5. Fokus pada komunikasi
Manajemen kinerja memberi perhatian pada komunikasi. hal ini dilakukan dengan melakukan penciptaan suatu iklim dimana dialog yang berkelanjutan antara pimpinan dengan anggota timnya terjadi untuk menentukan harapan dan berbagi informasi akan misi organisasi, nilai-nilai dan tujuan. Ini menentukan saling memahami mengenai apa yang akan dicapai dan kerangka bagi pengelolaan dan pengembangan orang untuk memastikan bahwa hal tersebut akan dicapai.
6. Fokus bagi stakeholder
Manajemen kinerja memberi perhatian terhadap pemuasan kebutuhan dan harapan seluruh stakeholder organisasi baik itu pegawai, pimpinan, masyarakat atau rekanan. Idealnya, pegawai diperlakukan sebagai mitra di dalam organisasi yang memiliki kepentingan dan harus dihormati, yang memiliki pendapat dan harus dihargai dan didengar, dan yang mendorong untuk memberi kontribusi terhadap formulasi tujuan dan rencana bagi tim dan bagi mereka sendiri. Manajemen kinerja harus fokus pada kebutuhan individual dan tim dan juga organisasi, mengakui bahwa mereka tidak membutuhkan hal yang serupa.
7. Fokus pada etika
Proses manajemen kinerja memberi perhatian pada proses yang berlangsung dengan didasarkan prinsip-prinsip etika yang telah disepakati.
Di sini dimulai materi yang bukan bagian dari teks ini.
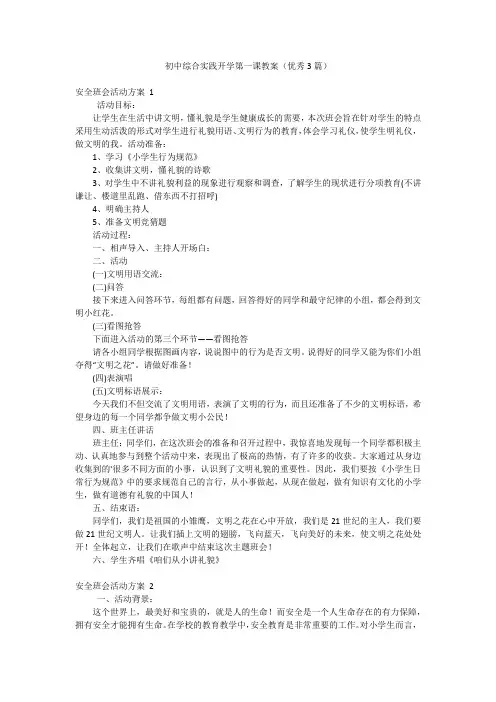 初中综合实践开学第一课教案(优秀3篇)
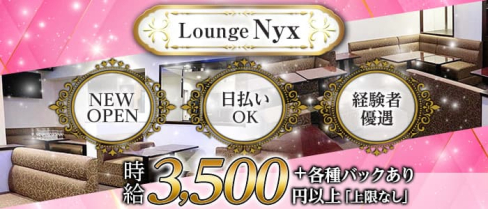 Lounge Nyx~ニュクス~【公式求人・体入情報】(関内ラウンジ)の求人・体験入店情報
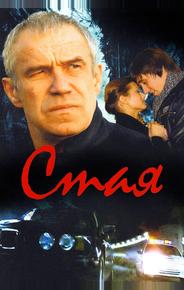 Стая
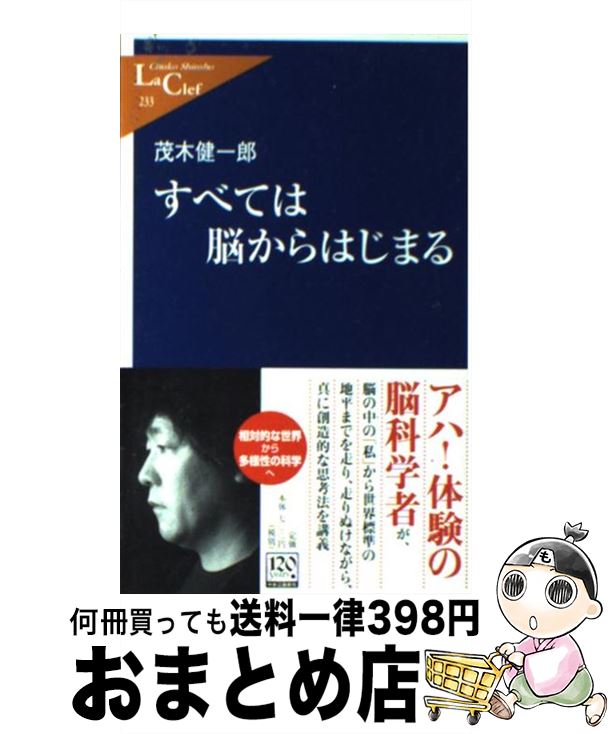 【中古】 すべては脳からはじまる / 茂木 健一郎 / 中央公論新社 [新書]【宅配便出荷】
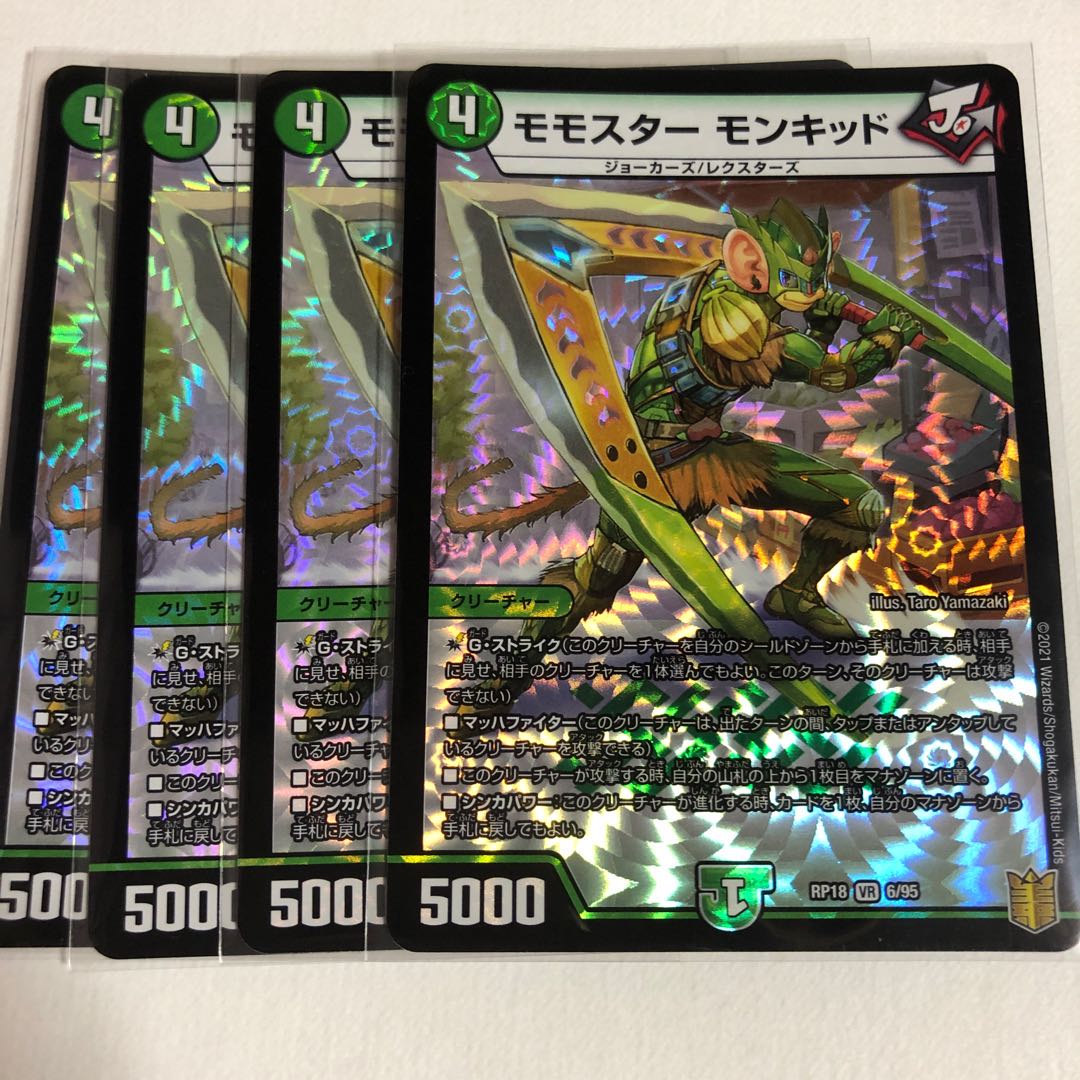 モモスター モンキッド VR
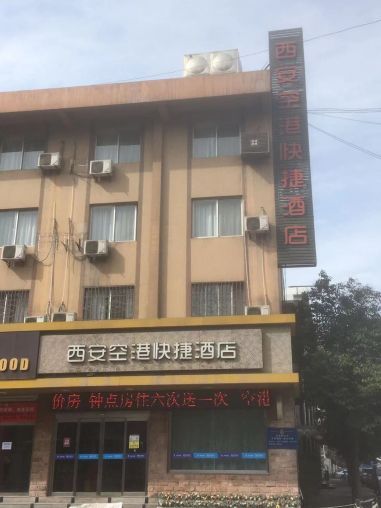 莲湖区西稍门民航小区42平临街空铺招租
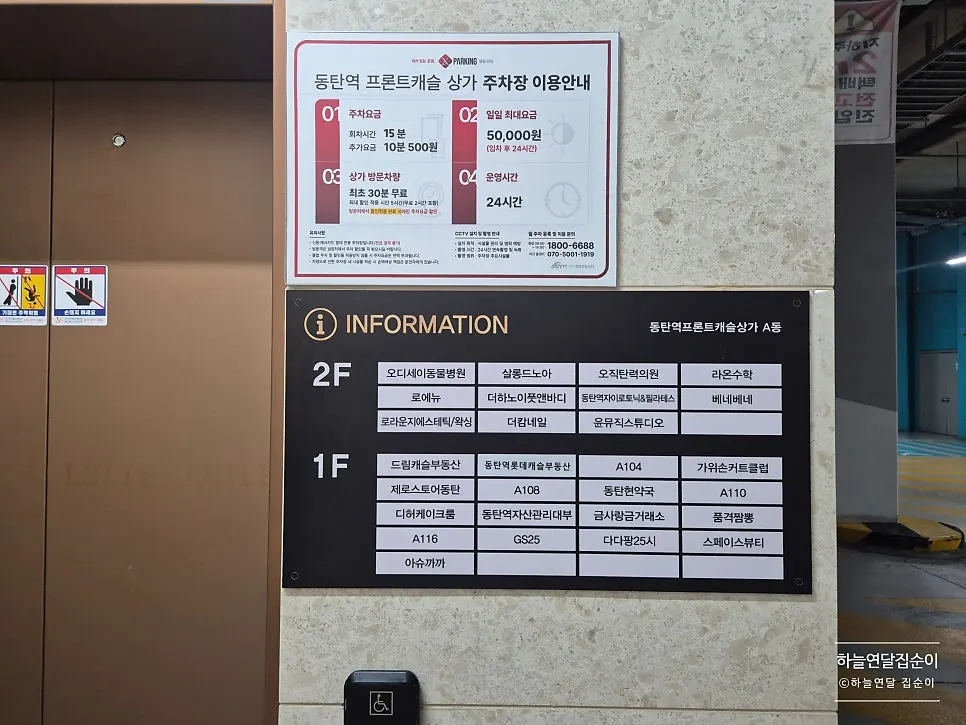 여유로운 주차 공간 모습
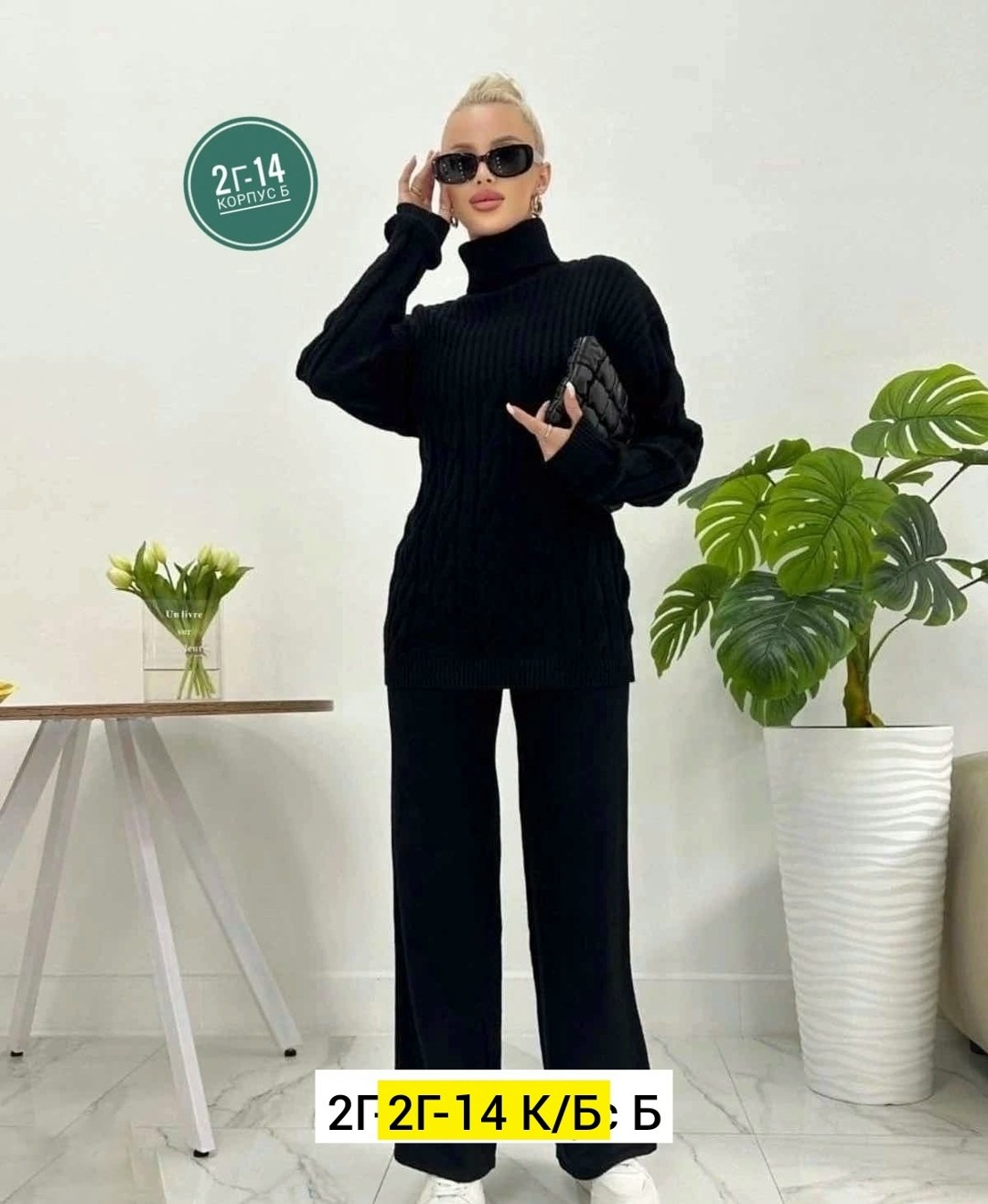 трикотажные костюмы,костюм женский вязаный,костюм лапша женский брючный,женский костюм с брюками,костюмы брючные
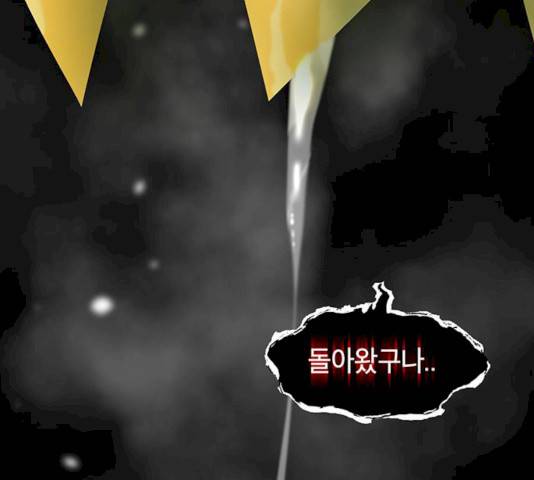 태백 : 튜토리얼 맨 41화 265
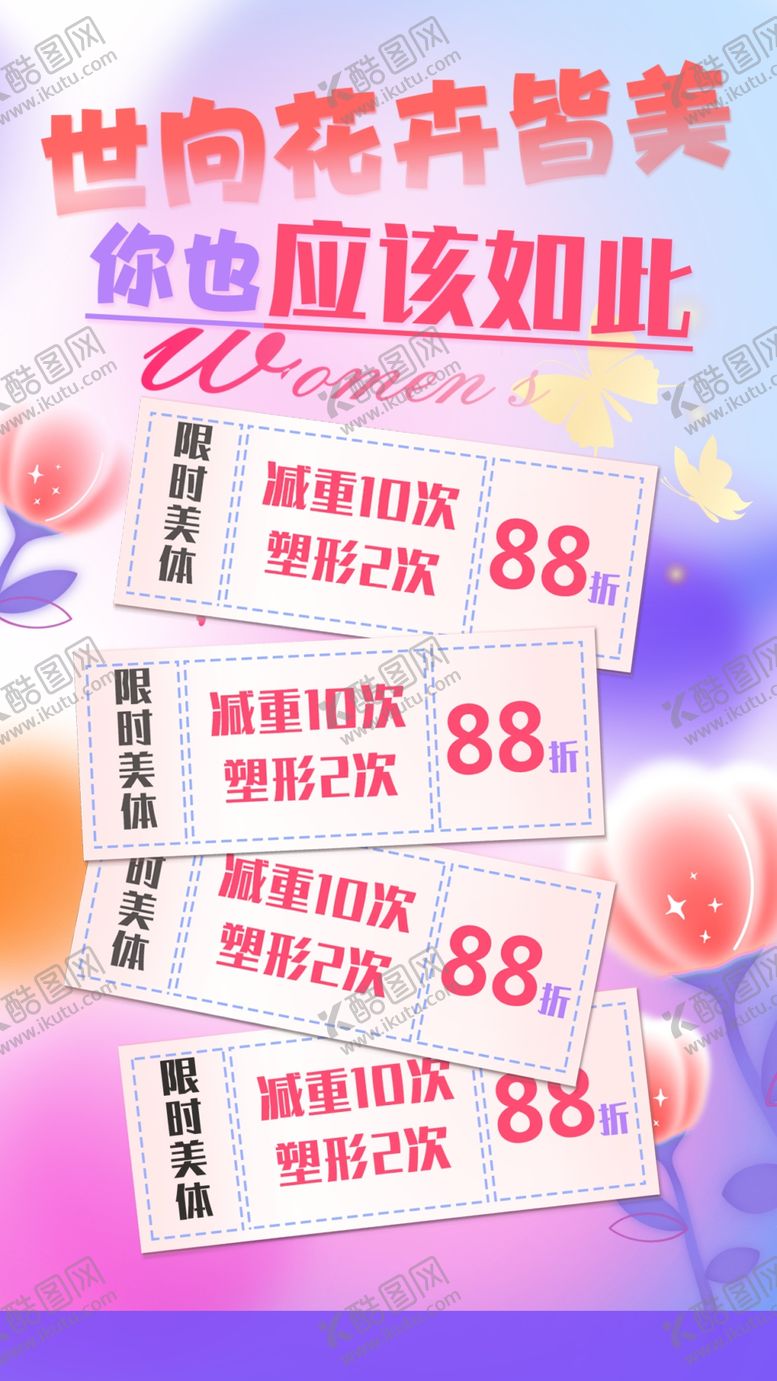 编号：42015305241407156739【酷图网】源文件下载-医美优惠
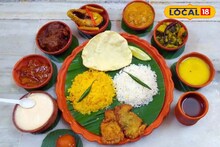 দুর্গাপুজোয় থালি থেকে ফাইন ডাইনিং! শিলিগুড়িতে পুজোর ভিড়ে পেটপুজো সারবেন কোথায়?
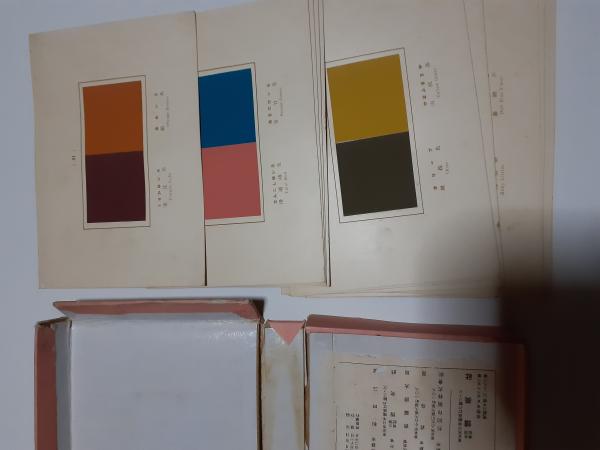配色総鑑 A.？ | 和田三造編 | 博美社 | ¥3,000 - 日本の古本屋 / 日本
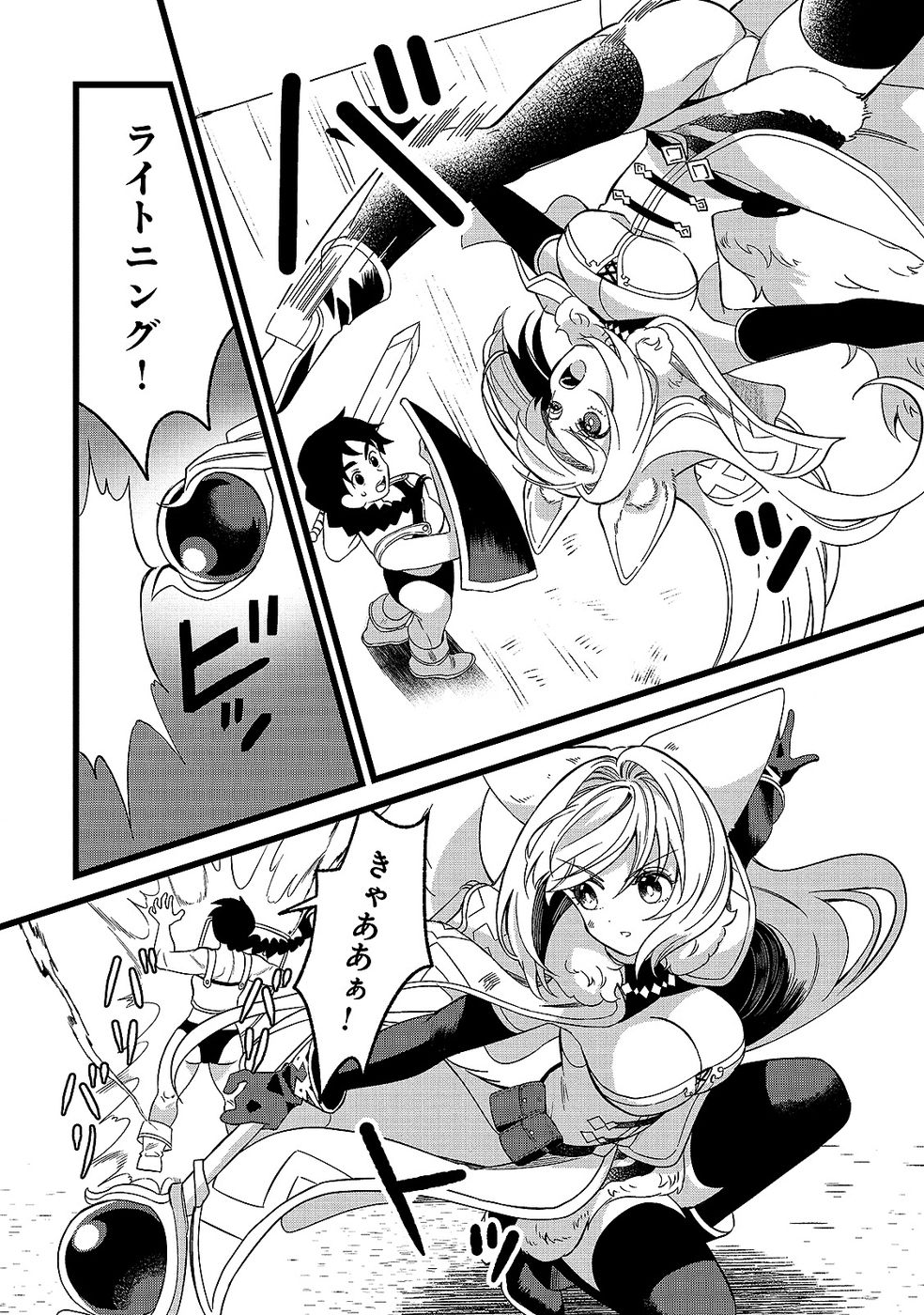 Aru Hi kara Tsukaeri you ni natta Teni Mahou ga Bannou de Ikiru no ga Tanoshiku narimashita - Chapter 13 - Page 16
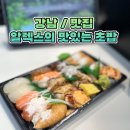 알렉스 | 강남 선릉에서 쿠팡잇츠 맛집 알렉스의 맛있는 초밥 후기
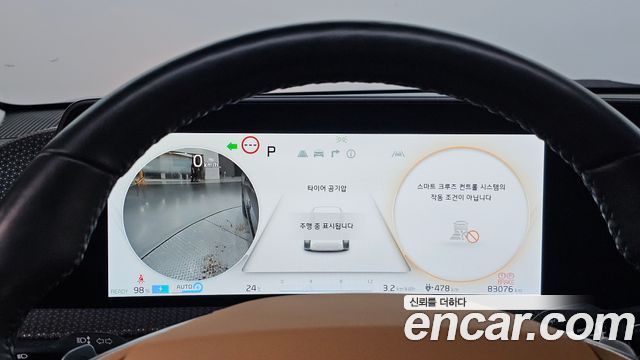 Kia EV6 Long Range Earth 2023 — фото 8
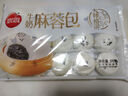 思念大师精研牛奶麻蓉包510g15只 包子馒头早餐半成品食品早点 实拍图
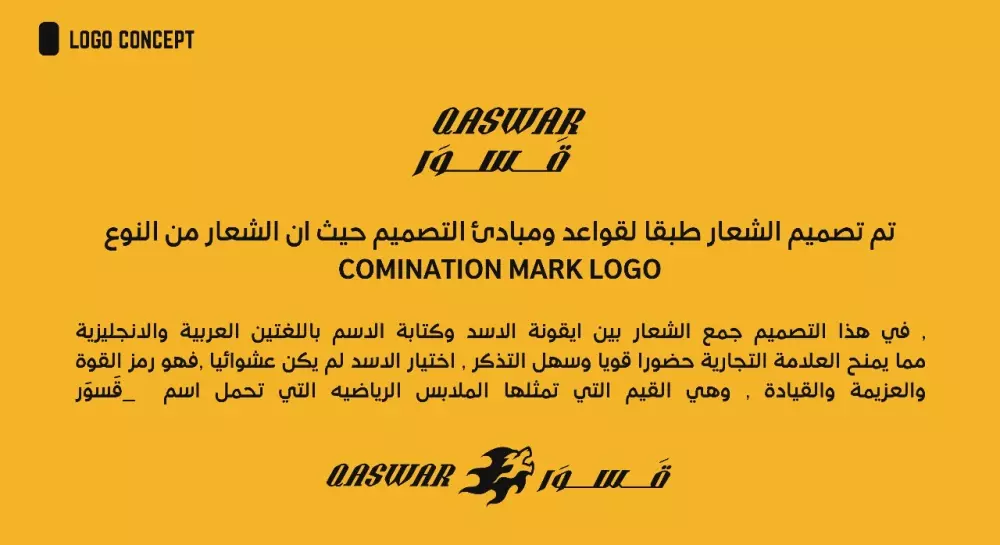 Logo & Brand identity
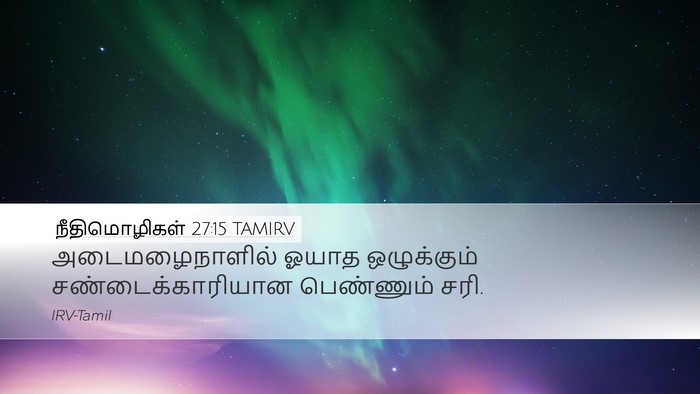 நீதிமொழிகள் 27:15 TAMIRV Bible Verse Image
Berangkat dari berbagai pengertian tentang manajemen kinerja yang telah diuraikan sebelumnya, dapat disimpulkan bahwa evaluasi kinerja merupakan bagian integral dari manajemen kinerja yang dilakukan baik pada tingkatan organisasi, tim dan individu. Karena itu, apabila ingin mendefinisikan evaluasi kinerja pegawai maka pengertian tersebut harus dipandang sebagai bagian yang tak terpisahkan dari unsur-unsur lain yang ada di dalam organisasi dan manajemen. Agar penelitian memiliki rujukan dan batasan dalam melakukan penelitian tentang model evaluasi kinerja organisasi Satuan Kerja Perangkat Daerah (SKPD) pada pemerintah kota makassar, maka rumuskan pengertian model evaluasi kinerja organisasi dipandangan sebagai suatu pendekatan sistematik terhadap perbaikan kinerja melalui proses penentuan tujuan kinerja stratejik; pengukuran kinerja; pengumpulan, analisa, review, dan laporan data kinerja; dan menggunakan data untuk mendorong perbaikan kinerja melalui kinerja individu/pegawai, tim dan organisasi.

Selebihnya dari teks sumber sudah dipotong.